How do you make the case that Sam Brownback has been good for Kansas?
If you are Stephen Moore, the "chief economist" for the Heritage Foundation, you fake the data.
What's going on in Kansas is beginning to look a lot like proof that Republican magical thinking about economics has at last run out of fairy dust to cloak itself in.
Yael T. Abouhalkah is an editorial writer for the Kansas City Star. While researching a piece on the Kansas economy, he couldn't help but notice that the facts he was turning up were at odds with the "facts" reported in a pro-Brownback piece written by Moore and published the Star earlier this month.
Moore's column argued that Kansas needed to give Brownback's regime more time to work its wonders, because "the national data tell us" that over the last 20 years
the nine states without an income tax have had double the population growth and more than double the income growth of states with very high income taxes. These results are statistically significant, which means it is very unlikely they happened by chance. This does not mean all states that cut taxes have growth or that all states with high taxes don’t have growth. It means there is a strong propensity for low-tax and tax-cutting states to grow. Period. This is a problem for the left because places such as New York, Massachusetts, Illinois and California that have been following Krugman’s (and President Barack Obama’s) economic strategy are getting clobbered by tax-cutting states.
OK. Some of you have already noticed that here we have a "chief economist" abusing the concept of "statistical significance" in a way that would embarrass a first year student of the subject.
But let's move on to what Moore said next:
No-income-tax Texas gained 1 million jobs over the last five years; California, with its 13 percent tax rate, managed to lose jobs. Oops. Florida gained hundreds of thousands of jobs while New York lost jobs. Oops.
Abouhalkah found FOUR errors in that brief passage.
No. 1: Moore's data isn't from "the last five years”. When challenged by The Star he admitted it was from December 2007 to December 2012. Which is a deliberate deception. The Bureau of Labor Statistics data that Moore was relying on is updated Every. Single. Month. So there is no reason to use 18-month-old data. If Moore honestly wanted to look at the “the last five years” he could have presented the numbers from mid-2009 to mid-2014.
No. 2: even within his cherry-picked dates, Moore lied about the numbers. Texas did not gain 1 million jobs in that 2007-2012 period. The correct figure was a gain of 497,400 jobs.
No. 3: Florida did not add hundreds of thousands of jobs in that span. It lost 461,500 jobs.
No. 4: New York, which has one of the highest income tax rates, did not lose jobs during that time. It gained 75,900 jobs.

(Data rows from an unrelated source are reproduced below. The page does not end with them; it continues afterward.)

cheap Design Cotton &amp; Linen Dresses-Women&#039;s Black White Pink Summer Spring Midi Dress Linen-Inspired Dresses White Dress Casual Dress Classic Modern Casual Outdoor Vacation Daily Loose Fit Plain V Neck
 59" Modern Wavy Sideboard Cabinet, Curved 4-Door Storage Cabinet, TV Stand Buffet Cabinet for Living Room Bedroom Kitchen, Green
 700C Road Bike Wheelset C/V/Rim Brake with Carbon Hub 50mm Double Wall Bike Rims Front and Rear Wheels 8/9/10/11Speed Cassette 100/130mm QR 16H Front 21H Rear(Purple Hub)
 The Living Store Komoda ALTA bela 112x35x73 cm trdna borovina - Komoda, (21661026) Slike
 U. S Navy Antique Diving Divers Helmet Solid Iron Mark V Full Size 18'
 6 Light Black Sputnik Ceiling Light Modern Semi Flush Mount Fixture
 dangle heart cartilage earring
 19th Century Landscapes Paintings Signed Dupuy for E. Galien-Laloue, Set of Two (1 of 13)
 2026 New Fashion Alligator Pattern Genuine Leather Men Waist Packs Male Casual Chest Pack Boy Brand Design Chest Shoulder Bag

Abouhalkah noted a 5th oddity as well:
California since December 2012 — when Moore stopped measuring employment growth — has added 541,000 jobs, which is more than Texas’ 523,400. So, high taxes are good?
At this point one must ask: how is it that Stephen Moore still has a job?
More importantly, let's see what Abouhalkah's own research turned up. From his July 18 piece - the one he was researching when he realized how dishonest Moore's piece was:
Kansas Gov. Sam Brownback and his advisers want to create an alternate reality when it comes to job growth in the state.
They keep throwing out misleading numbers to the public while trying to cloud Kansas’ mediocre jobs picture.
Consider what happened earlier this week, after Democrat Paul Davis gained national attention when more than 100 current and former Kansas GOP officials endorsed his efforts to defeat Brownback this fall.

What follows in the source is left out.